Touring Cove Fort took about an hour and when I drove away, I almost headed west on I-70. Force of habit, I suppose. From now on, we’re going to be heading east! The first thing we did on our way east was to stop in Richfield, Utah, to get our car serviced. It has served us so faithfully these last few weeks that we thought an extra oil change would be in order. We also had the air filter replaced, because it was filthy after these dusty back roads we’ve been driving on. In case you're ever in western Utah and you need your car taken care of, check out the Goodyear place in Richfield!
After the car had been taken care of, we got some groceries and lunch at local super market and decided to just have a picnic in the park and to heck with sightseeing, we’ll read a book for a chance. It sounds awful, I know, but we’ve seen so much and visited so many interesting places that we just didn’t need any more of that. Salina is actually the site of the first engagement in the Black Hawk War and there is supposedly a statue of an Indian chief in town, but we didn’t see it after we drove back here from Richfield. Its other claim to fame (or infamy, perhaps) is a July 7, 1945 massacre of nine German prisoners of war who had not yet been repatriated and were encamped near Salina to help with the harvest. The victims of the massacre are buried at a military cemetary in Salt Lake City. I don’t know if there’s any kind of memorial in Salina, but the one history museum we found was closed. The sign outside said that it was a Presbyterian church built in 1884 as a memorial for some lady from New York City.
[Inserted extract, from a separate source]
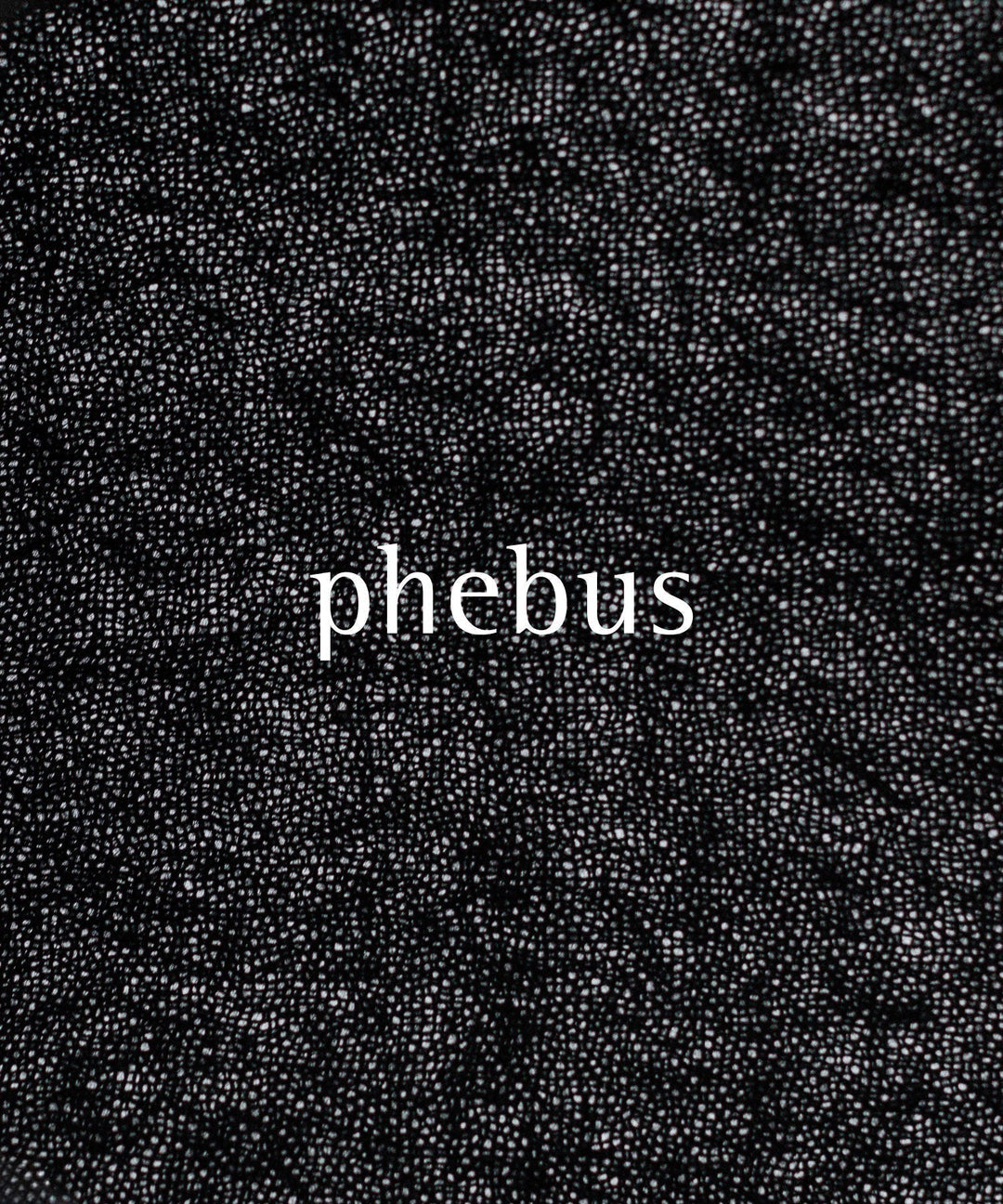 phebus / フィーバス 26AW COLLECTION | 07.25.SAT発売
I suppose the Presbyterians were anxious to provide some sort of counterweight to the Mormons, but I don’t quite see why a New York City lady should have a memorial way out west in what was then still Utah Territory.
The town itself doesn’t seem to be a very exciting place and I wouldn’t be surprised at all if none of the locals knew anything about the Presbyterian church, the massacre, or the Black Hawk War. When we had dinner in Monticello, Utah, the other day, we asked the server if she knew what the MD in the restaurant’s name stood for. She said she got that question a lot, but she had never bothered to find out what the answer was. She thought it might just be someone’s cattle brand.
We had planned to celebrate today’s achievement with a restaurant dinner, but there’s nothing here except a Denny’s and a couple of grubby-looking local places. Today at breakfast I overheard a girl saying that her father had been sick all night with what she thought must be food poisoning because he had eaten dinner at one of the local restaurants. Food poisoning is the last thing we need four days on the road, so we’ll dine on Doritos tonight and save the fancy dinner for some other time!